Won’t interfere in border issue, says Australian envoy

Won’t interfere in border issue, says Australian envoy

‘It a matter for China and India to resolve it bilaterally’

Australia would not “interfere” in the ongoing situation between India and China at the Line of Actual Control (LAC), said its High Commissioner to India, indicating a different line from the U.S. on the issue.

Prime Minister Narendra Modi and his Australian counterpart Scott Morrison are due to speak at a “virtual” bilateral summit on Thursday, where the two sides are expected to strengthen strategic cooperation and announce a Mutual Logistics Supply Agreement (MLSA) for the reciprocal use of each other’s bases and other military facilities.
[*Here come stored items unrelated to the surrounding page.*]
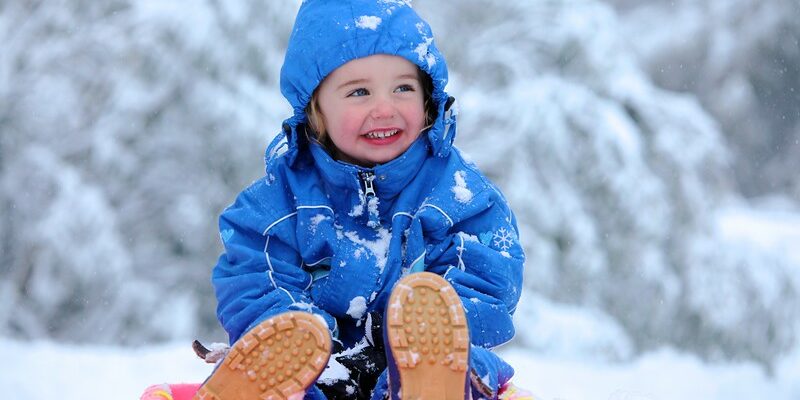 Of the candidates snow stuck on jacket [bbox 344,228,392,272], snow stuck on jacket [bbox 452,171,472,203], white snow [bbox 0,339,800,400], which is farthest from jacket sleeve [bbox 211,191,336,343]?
white snow [bbox 0,339,800,400]

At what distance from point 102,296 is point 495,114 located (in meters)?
2.55

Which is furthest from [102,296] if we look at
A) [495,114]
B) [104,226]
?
[495,114]

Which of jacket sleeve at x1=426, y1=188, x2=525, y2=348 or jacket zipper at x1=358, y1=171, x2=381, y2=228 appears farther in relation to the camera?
jacket zipper at x1=358, y1=171, x2=381, y2=228

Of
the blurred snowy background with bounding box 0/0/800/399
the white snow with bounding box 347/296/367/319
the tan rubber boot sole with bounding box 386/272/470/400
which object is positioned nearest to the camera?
the tan rubber boot sole with bounding box 386/272/470/400

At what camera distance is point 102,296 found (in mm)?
5230

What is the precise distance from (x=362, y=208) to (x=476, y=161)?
3.30 metres

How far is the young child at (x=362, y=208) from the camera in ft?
6.64

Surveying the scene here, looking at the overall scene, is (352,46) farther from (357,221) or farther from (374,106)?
(357,221)

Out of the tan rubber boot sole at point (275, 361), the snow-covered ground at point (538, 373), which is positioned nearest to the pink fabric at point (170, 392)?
the tan rubber boot sole at point (275, 361)

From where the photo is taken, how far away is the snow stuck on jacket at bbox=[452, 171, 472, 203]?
2115 millimetres

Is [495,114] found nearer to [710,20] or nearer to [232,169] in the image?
[232,169]

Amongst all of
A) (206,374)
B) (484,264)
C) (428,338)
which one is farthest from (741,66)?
(428,338)

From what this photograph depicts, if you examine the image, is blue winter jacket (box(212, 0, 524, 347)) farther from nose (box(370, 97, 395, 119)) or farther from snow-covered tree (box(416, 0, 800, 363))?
snow-covered tree (box(416, 0, 800, 363))

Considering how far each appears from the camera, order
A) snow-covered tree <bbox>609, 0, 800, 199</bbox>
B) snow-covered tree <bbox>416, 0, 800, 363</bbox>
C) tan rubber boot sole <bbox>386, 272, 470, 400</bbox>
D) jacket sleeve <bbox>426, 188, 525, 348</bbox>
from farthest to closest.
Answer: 1. snow-covered tree <bbox>609, 0, 800, 199</bbox>
2. snow-covered tree <bbox>416, 0, 800, 363</bbox>
3. jacket sleeve <bbox>426, 188, 525, 348</bbox>
4. tan rubber boot sole <bbox>386, 272, 470, 400</bbox> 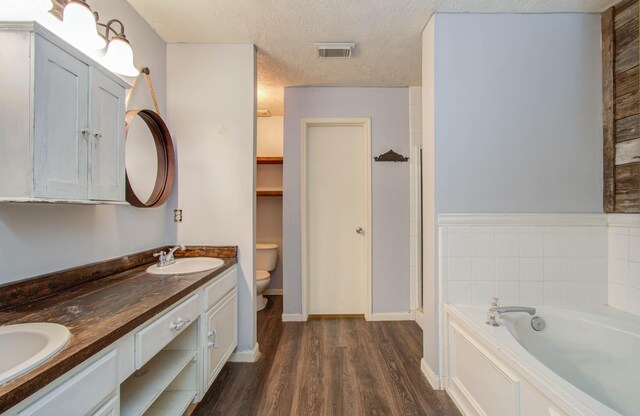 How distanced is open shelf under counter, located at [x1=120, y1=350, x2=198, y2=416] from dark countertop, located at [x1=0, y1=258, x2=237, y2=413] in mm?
354

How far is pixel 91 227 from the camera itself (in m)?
1.47

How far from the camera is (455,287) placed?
1.82 m

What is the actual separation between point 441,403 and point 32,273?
2172 millimetres

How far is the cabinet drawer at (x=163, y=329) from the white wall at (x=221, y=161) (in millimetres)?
661

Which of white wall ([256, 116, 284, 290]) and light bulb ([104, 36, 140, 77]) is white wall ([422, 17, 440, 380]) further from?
white wall ([256, 116, 284, 290])

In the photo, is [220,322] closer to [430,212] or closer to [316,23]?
[430,212]

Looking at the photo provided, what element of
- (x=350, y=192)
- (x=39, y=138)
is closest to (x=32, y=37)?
(x=39, y=138)

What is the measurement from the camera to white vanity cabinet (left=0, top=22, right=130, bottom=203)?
36.4 inches

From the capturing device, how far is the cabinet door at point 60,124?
3.15 ft

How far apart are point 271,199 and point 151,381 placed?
2.67 meters

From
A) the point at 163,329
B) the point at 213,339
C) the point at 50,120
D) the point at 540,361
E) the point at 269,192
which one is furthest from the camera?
the point at 269,192

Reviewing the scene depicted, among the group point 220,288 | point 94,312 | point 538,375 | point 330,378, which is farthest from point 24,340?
point 538,375

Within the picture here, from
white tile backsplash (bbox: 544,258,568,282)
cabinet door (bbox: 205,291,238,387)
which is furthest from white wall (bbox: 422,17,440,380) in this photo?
cabinet door (bbox: 205,291,238,387)

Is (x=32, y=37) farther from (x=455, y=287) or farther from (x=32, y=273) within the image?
(x=455, y=287) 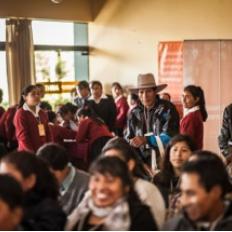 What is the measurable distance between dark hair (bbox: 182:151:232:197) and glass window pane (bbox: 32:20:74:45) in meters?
7.71

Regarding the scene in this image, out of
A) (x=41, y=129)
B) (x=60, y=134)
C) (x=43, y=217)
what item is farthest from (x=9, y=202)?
(x=60, y=134)

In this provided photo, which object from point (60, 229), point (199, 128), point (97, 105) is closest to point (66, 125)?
point (97, 105)

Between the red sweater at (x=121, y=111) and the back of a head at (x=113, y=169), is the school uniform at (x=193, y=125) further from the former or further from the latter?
the red sweater at (x=121, y=111)

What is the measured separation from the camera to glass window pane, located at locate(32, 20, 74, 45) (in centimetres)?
977

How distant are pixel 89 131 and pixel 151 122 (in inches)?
42.7

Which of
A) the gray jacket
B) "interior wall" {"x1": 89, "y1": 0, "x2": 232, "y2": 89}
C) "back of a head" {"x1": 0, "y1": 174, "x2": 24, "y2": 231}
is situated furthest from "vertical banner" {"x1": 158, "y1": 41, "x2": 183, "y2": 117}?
"back of a head" {"x1": 0, "y1": 174, "x2": 24, "y2": 231}

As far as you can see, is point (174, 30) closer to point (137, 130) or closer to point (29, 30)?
point (29, 30)

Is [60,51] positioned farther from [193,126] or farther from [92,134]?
[193,126]

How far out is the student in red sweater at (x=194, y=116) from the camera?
5320 millimetres

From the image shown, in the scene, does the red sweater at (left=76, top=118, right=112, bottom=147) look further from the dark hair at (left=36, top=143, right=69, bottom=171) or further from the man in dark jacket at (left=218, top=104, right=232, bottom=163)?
the dark hair at (left=36, top=143, right=69, bottom=171)

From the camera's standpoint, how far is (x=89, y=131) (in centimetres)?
590

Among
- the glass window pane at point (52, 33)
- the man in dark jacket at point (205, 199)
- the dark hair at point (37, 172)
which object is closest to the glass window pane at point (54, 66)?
the glass window pane at point (52, 33)

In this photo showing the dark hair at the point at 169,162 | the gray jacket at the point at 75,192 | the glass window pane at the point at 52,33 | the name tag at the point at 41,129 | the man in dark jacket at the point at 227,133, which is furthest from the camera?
the glass window pane at the point at 52,33

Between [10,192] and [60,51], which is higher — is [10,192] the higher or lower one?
the lower one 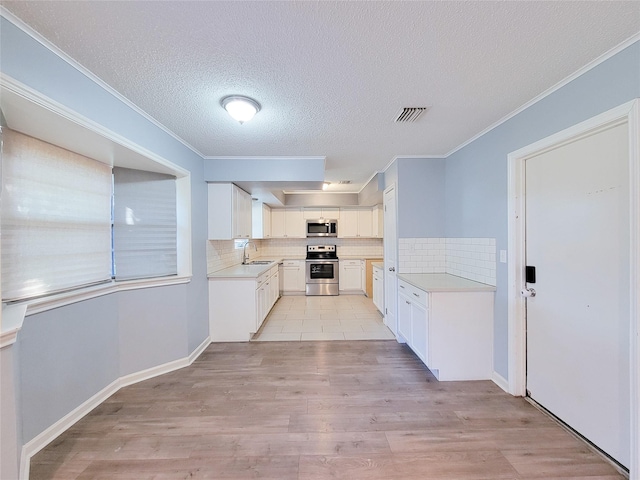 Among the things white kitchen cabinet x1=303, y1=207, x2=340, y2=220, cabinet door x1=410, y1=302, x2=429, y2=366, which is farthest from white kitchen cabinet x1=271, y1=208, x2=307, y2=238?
cabinet door x1=410, y1=302, x2=429, y2=366

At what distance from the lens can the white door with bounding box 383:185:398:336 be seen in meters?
3.27

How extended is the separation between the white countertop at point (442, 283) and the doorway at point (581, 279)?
0.29 metres

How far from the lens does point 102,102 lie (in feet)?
5.48

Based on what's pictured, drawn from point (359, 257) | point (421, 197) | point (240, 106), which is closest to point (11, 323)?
point (240, 106)

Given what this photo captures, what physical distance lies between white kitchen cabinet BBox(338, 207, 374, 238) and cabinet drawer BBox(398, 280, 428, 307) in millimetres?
2930

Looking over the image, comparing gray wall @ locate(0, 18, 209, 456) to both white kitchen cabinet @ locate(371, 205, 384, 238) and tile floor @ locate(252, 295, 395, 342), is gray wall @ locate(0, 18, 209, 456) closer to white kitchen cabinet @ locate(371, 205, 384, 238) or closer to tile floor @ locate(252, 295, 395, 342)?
tile floor @ locate(252, 295, 395, 342)

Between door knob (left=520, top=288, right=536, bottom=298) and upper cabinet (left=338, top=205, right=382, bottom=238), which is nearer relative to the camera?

“In relation to the border issues…that is a matter for China and India to resolve, not a matter for Australia to interfere with. What we have seen in the past week when others have sought to step in, it has been made clear that India and China will resolve it bilaterally,” said High Commissioner Barry O’Farrell, in a reference to U.S. President Donald Trump’s offer to mediate, as well as a U.S. official’s reference to the LAC situation as proof that China poses a “threat” to its neighbours.
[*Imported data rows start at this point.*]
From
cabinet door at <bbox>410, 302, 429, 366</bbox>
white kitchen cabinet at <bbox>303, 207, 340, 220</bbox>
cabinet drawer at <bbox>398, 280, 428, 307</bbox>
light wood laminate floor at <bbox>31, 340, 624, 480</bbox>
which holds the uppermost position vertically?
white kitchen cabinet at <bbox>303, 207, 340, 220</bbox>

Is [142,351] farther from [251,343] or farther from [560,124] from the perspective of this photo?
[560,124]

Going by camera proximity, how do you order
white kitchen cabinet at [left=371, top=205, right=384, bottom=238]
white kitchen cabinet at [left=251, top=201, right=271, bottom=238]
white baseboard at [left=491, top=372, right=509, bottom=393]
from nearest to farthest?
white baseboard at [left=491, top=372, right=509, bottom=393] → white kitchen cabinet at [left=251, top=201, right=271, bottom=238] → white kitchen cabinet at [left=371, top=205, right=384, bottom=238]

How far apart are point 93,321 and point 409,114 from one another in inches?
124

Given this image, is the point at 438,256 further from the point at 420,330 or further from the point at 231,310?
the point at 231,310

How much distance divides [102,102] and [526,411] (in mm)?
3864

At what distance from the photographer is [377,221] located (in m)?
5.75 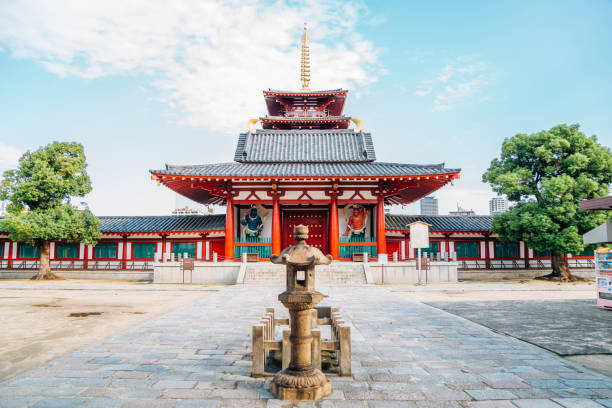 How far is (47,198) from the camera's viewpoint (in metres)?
20.5

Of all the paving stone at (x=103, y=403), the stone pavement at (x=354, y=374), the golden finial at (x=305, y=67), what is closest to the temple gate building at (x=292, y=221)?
the golden finial at (x=305, y=67)

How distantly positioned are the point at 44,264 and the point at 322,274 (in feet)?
55.3

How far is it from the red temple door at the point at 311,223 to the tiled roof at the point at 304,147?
3.18 m

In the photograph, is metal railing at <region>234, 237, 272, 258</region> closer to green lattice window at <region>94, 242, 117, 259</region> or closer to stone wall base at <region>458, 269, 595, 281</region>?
green lattice window at <region>94, 242, 117, 259</region>

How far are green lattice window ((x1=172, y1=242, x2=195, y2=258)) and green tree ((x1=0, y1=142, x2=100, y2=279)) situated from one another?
459 centimetres

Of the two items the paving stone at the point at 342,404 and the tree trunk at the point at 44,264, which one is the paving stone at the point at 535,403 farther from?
the tree trunk at the point at 44,264

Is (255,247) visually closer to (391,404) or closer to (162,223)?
(162,223)

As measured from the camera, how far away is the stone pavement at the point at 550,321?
6.15 metres

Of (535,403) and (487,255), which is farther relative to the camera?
(487,255)

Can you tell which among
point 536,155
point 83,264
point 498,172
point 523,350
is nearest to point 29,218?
point 83,264

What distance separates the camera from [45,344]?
6414 millimetres

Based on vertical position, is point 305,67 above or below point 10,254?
above

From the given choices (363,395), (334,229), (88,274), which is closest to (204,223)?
(88,274)

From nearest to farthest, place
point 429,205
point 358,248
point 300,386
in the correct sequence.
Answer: point 300,386 < point 358,248 < point 429,205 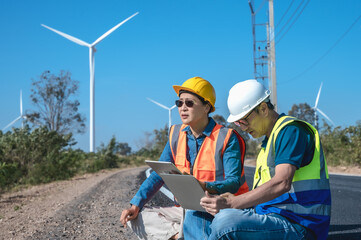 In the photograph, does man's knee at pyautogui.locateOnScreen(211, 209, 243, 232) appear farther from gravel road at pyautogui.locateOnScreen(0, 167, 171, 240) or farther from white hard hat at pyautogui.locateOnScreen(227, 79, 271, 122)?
gravel road at pyautogui.locateOnScreen(0, 167, 171, 240)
Australia and China are currently are locked in tensions as well over a range of issues, from trade and the coronavirus pandemic to China’s moves in the South China Sea. However, the envoy made it clear that the issues would be kept separate from India’s current tensions over the Chinese army action on the LAC in Ladakh and Sikkim.

Speaking about the summit on Thursday, which has been scheduled six months after it was cancelled in January last because of forest fires in Australia and then put off due to the pandemic, Mr. O’Farrell said the relationship would reach a “historic high” after the Prime Ministers’ discussions.
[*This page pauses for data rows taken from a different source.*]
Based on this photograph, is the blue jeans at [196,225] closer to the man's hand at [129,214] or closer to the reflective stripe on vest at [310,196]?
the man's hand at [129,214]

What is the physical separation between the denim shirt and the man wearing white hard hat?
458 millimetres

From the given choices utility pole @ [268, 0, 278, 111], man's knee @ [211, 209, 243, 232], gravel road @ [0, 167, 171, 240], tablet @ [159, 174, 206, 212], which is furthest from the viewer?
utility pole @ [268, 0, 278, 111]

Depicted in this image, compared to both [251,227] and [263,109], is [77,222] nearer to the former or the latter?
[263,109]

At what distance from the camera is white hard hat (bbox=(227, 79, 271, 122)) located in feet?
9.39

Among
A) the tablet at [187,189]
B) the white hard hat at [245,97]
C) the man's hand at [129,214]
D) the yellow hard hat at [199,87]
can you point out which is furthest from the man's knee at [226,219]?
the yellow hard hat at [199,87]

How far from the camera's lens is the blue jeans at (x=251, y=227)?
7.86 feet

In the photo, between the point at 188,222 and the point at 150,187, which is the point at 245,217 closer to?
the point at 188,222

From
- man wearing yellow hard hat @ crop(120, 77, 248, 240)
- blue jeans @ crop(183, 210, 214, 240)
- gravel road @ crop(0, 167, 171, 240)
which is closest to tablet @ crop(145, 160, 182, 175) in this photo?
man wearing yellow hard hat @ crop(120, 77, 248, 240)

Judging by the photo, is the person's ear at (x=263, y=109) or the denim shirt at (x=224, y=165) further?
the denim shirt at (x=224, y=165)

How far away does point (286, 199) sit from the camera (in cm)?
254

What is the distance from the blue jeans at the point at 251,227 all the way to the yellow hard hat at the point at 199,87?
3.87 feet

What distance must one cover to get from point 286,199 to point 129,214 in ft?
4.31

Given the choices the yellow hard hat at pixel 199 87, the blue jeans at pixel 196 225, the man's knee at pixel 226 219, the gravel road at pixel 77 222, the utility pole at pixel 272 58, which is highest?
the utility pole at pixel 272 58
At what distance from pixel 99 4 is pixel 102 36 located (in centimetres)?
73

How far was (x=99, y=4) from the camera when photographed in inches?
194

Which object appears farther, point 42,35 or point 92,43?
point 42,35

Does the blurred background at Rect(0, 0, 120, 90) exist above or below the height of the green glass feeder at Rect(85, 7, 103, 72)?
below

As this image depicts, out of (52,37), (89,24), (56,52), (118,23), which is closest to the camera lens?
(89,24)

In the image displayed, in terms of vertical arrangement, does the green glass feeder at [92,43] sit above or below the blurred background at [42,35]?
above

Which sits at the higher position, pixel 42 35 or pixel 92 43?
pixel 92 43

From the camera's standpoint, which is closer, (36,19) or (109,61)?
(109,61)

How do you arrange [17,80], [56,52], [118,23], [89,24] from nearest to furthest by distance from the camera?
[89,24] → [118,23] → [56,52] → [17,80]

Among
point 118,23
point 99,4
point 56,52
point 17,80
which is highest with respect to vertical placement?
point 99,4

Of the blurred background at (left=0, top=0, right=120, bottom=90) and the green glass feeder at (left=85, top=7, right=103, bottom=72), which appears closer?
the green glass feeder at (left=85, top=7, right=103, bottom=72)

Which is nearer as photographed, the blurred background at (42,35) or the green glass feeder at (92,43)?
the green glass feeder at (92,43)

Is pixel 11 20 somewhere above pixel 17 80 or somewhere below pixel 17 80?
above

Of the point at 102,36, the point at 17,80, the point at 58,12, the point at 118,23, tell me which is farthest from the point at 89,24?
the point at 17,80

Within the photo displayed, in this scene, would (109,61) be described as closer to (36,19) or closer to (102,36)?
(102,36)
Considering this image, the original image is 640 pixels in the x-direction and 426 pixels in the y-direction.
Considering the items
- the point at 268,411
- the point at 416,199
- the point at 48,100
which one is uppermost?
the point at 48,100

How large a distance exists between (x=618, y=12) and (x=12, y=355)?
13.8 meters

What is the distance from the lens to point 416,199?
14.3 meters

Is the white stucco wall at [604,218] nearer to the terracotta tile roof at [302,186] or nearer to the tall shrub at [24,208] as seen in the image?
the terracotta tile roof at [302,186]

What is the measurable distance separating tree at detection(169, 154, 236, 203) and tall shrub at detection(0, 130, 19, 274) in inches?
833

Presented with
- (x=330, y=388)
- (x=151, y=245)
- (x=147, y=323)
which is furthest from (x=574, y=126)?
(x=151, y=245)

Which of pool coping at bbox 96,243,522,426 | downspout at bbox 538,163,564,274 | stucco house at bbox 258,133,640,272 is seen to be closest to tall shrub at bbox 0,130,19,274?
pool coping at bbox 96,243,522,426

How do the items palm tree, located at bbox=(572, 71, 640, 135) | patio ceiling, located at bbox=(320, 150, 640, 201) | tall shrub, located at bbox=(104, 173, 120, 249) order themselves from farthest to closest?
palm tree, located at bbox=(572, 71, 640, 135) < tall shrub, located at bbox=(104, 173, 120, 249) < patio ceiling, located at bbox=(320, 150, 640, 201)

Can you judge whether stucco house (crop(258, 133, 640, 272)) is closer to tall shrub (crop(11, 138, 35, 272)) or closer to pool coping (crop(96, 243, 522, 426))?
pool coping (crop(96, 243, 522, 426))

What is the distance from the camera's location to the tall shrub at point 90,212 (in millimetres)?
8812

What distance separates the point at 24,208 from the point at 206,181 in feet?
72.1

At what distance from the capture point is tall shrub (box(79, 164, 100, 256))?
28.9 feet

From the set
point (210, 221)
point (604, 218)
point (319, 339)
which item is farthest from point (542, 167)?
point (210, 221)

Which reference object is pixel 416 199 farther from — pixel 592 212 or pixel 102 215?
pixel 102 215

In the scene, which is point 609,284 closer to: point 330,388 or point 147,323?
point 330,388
“The mutual LSA makes it easier for defence forces of both countries to conduct exercises like AUSINDEX and to facilitate access to each other’s bases,” Mr. O’Farrell told journalists in Delhi. “It is the sort of a relationship we have with many of our allies,” he added.

Australia had submitted a draft of the MLSA soon after India signed a similar “foundational agreement” with the U.S. in 2016, and it has taken nearly four years to negotiate. India was likely to sign LSAs with Russia, Japan and the U.K. as well in the near future, said officials.

Amongst a number of other agreements due to be announced during Thursday’s summit are COVID19-related cooperation at regional and multilateral institutions, said the High Commissioner.